The mutual fund scandals of 2003 may be fading from memory, but fresh developments in other segments of the financial market have opened old wounds. How does the fund industry regain public trust? It's a question top of mind for fund managers, chief executives and the boomer advisors that recommend their funds.
Public confidence in the financial services sector as a whole has been newly--and profoundly--shaken by Ponzi schemes, bank failures and perceived regulatory impotence. A recent surge in net mutual fund inflows indicates regulatory safeguards have reassured investors that the industry is putting their best interests above its own. But the fund industry and its watchdogs continue to push initiatives designed to strengthen transparency, accountability and adherence to fiduciary responsibility.

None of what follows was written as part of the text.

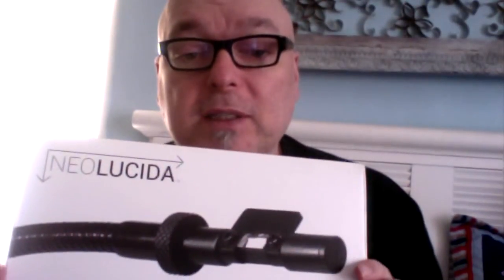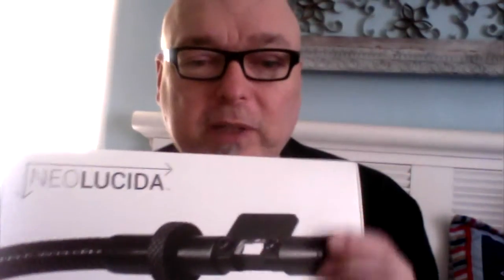The packaging is awesome on this. This is a Kickstarter project that two artist-teachers created, and it's awesome. It was overfunded — their project went really well. If anyone wants to do a Kickstarter the right way, you can't do any better than searching the campaign for Neil Lucida.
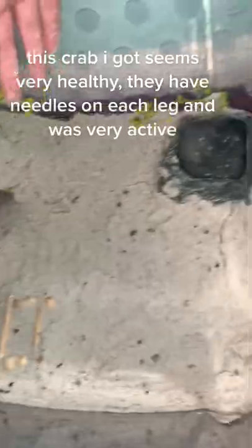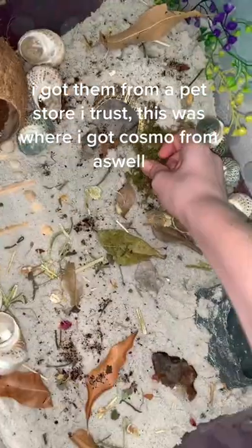This crab I got seems very healthy. They have needles on each leg and were very active. I got them from a pet store I trust — this is where I got Cosmo from as well.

"I think investors are paying more attention to the issue of stewardship [of their investment capital] than maybe they were two or three years ago," says Laura P. Lutton, associate director of mutual fund analysis at Morningstar. "The longer you are going to hold an investment, the more important the stewardship issue becomes. It's really important to know that a mutual fund will be a good caretaker of capital over the long term."
Caretaking hasn't been a strong suit for some fund managers of late, contends John C. Bogle, founder and chairman of the Vanguard Group. In a speech at this year's IA Compliance Summit in Washington, D.C., he said, "Stewardship seems to have been left in the dust" in the fund industry.
Because in many cases they will be managing shareholder capital for several decades, target date funds are a prime example of how responsible stewardship can be critical over the long run, says Lutton, who oversees (and helped design) Morningstar's five-year-old stewardship grading program for mutual funds. That long-term responsibility apparently is not lost on the fund industry. In June, a working group within the Investment Company Institute, a leading fund industry trade group, urged securities regulators to adopt new disclosure principles for target date funds to give investors "a clearer picture of how target date funds operate and the risks and benefits of these increasingly popular investment options."
Funds would be required to provide investors with information on the meaning of its target date, the asset-allocation "glide path" it follows and the appropriate uses of that fund for investors in specific age groups. According to ICI General Counsel Karrie McMillan, target fund sponsors "can and should do more to ensure better investor understanding."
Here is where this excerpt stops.